Advocacy, values, and why some courses include donations
In disability, social justice, and behaviour support spaces, the traditional charity model is deeply flawed. Many of the issues these organisations respond to should not exist in the first place. They are the result of systemic failures, rights violations, colonial histories, and the ongoing impacts of capitalism on people’s lives, bodies, identities, and access to care.
In an ideal world, organisations providing legal support, advocacy, or essential services would not need to exist at all, because people's rights would already be protected.
We do not live in that world.
Some organisations, however, operate in ways that are meaningfully different from traditional charity models. These are organisations that are grounded in lived experience, accountable to the communities they serve, and explicitly attentive to power, history, and context, including colonialism, racism, ableism, and structural inequality. In practice, their work often looks less like 'helping' and more like removing barriers, redistributing power, and supporting collective agency.
For some Seven Dimensions Consulting courses, a fixed amount from each enrolment is donated to a small number of organisations whose work aligns with these values. Each course is linked to a specific organisation, and when courses are purchased as a bundle, a single combined donation is made.
This is not framed as charity, nor as a substitute for systemic change. It is a pragmatic, values-aligned choice within an imperfect system, one that recognises both the limits and power of individual action and the importance of materially supporting work led by and accountable to those most affected.
Not all courses include donations.
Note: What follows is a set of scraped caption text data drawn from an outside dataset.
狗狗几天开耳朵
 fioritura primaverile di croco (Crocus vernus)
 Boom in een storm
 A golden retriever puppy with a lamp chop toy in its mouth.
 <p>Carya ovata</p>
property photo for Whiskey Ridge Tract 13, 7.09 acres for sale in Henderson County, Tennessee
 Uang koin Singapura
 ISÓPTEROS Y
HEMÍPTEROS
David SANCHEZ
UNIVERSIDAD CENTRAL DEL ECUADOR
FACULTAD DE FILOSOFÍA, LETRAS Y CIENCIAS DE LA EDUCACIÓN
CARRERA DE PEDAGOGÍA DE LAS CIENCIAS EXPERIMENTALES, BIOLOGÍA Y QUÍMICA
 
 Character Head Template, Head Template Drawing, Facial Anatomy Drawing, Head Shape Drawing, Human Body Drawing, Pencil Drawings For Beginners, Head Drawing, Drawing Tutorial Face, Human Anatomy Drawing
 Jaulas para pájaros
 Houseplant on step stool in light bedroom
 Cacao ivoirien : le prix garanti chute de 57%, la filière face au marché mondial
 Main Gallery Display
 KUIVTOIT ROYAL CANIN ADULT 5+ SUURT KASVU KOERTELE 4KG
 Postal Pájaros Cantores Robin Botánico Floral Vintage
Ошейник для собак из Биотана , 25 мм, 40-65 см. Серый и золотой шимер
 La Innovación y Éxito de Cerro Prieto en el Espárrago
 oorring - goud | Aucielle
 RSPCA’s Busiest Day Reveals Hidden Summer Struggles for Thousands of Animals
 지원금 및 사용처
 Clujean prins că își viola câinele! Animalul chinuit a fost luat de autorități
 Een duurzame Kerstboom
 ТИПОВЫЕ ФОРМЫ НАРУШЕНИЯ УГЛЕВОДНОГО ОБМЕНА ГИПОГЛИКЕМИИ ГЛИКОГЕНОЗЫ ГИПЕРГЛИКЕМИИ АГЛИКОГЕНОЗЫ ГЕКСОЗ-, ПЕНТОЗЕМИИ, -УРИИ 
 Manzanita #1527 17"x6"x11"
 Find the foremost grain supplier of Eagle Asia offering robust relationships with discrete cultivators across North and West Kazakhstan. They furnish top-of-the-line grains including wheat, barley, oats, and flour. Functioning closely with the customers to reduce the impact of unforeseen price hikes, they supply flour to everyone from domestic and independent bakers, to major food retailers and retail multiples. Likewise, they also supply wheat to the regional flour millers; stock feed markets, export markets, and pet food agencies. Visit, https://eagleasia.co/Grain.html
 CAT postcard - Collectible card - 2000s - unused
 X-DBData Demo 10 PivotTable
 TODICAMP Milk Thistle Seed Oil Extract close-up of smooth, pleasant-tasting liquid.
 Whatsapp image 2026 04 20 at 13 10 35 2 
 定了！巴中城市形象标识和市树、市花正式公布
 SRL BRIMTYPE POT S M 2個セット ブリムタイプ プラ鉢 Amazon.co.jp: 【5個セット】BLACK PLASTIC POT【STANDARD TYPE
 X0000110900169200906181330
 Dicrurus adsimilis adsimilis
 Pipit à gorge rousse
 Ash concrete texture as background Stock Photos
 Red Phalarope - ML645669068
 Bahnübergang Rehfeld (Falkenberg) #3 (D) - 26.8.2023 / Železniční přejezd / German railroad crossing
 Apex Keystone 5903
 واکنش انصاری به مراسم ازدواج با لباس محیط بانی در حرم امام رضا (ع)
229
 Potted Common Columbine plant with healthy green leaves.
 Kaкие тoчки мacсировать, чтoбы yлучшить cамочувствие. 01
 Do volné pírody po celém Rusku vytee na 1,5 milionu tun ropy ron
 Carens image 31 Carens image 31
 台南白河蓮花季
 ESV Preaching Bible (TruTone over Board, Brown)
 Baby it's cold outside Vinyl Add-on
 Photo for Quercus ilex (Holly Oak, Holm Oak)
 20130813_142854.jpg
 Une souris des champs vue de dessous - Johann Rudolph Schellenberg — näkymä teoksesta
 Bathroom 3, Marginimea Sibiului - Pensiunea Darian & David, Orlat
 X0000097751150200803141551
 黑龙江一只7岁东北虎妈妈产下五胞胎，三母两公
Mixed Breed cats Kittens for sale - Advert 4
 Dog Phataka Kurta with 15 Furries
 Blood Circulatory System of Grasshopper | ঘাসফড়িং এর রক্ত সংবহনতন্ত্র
Some are priced to reflect the depth of labour involved, and some are offered freely to prioritise access. These decisions are intentional and context-specific.
Advocacy takes many forms. I'm realistic about my own capacity. As a neurodivergent person running a small, values-led practice, large-scale organising or constant public advocacy isn't sustainable for me. What is sustainable is sharing knowledge, creating accessible education, and redistributing a small portion of income to organisations doing vital work on the ground.
For me, education is central. This is one way those values show up in practice.